- Underhill in 1902
- Born: 1854 Tipton, Staffordshire, England
- Died: 8 May 1917 (aged 62–63)
- Education: University of Edinburgh (MB ChB)
- Occupations: Physician, surgeon
- Spouse: Mary Isabel Charlton
- Children: At least 14
- Relatives: Charles Edward Underhill Thomas Pretious Heslop

= Thomas Edgar Underhill =

English physician

Thomas Edgar Underhill FRSE FRCSE (1854 - 8 May 1917) was a 19th/20th century English physician and surgeon. He was an expert on Gorham's disease and spontaneous fractures.

==Life==
He was born in Tipton in Staffordshire, the youngest son of Emily Margaretta Roe and her husband, Dr William Lees Underhill (1814-1894).

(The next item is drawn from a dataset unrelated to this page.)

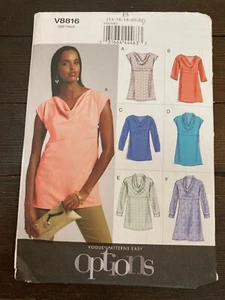 Vogue Options V8816 Misses Top Tunic Draping Neckline Sleeve Variations 14-22 - Picture 1 of 4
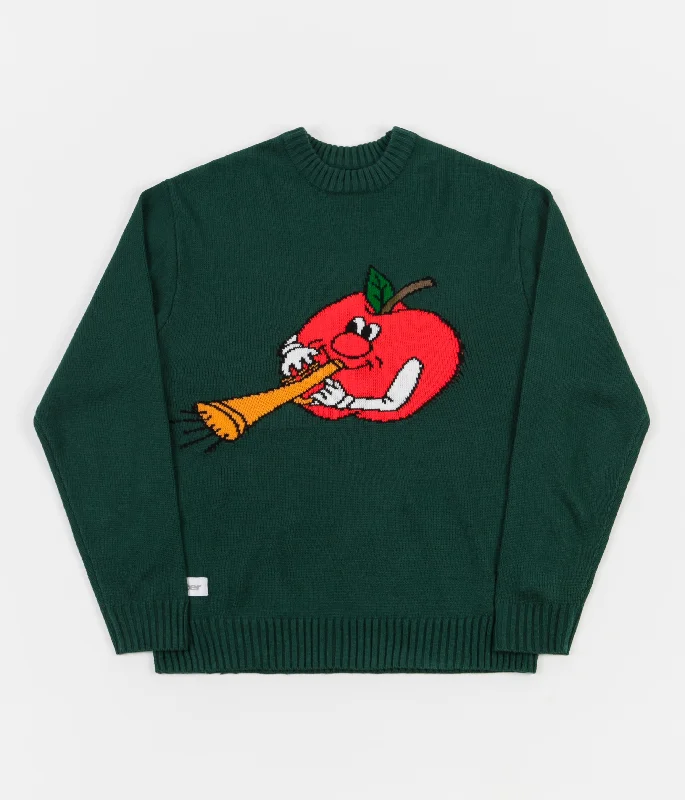 Hoodies & sweatshirts with deep garnet richness-Butter Goods Apple Knitted Sweatshirt - Forest Green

He studied medicine at the University of Edinburgh graduating with an MB ChB in 1876. He then joined his father as a general practitioner in Tipton before spending 27 years at Barnt Green near Bromsgrove. He lived at "Dunedin" in Barnt Green, named in homage to his alma mater.

He was elected a Fellow of the Royal Society of Edinburgh in 1889. His proposers were James Matthews Duncan, Sir John Macdonald, Lord Kingsburgh, Peter Guthrie Tait and Sir German Sims Woodhead.

He was President of the Birmingham Medical Mission and President of the Birmingham branch of the British Medical Association and of the Midland Medical Society.

Underhill died on 8 May 1917.

==Family==

He was married to Mary Isabel Charlton (b.1857) and together they had at least 14 children.

He was brother to Charles Edward Underhill.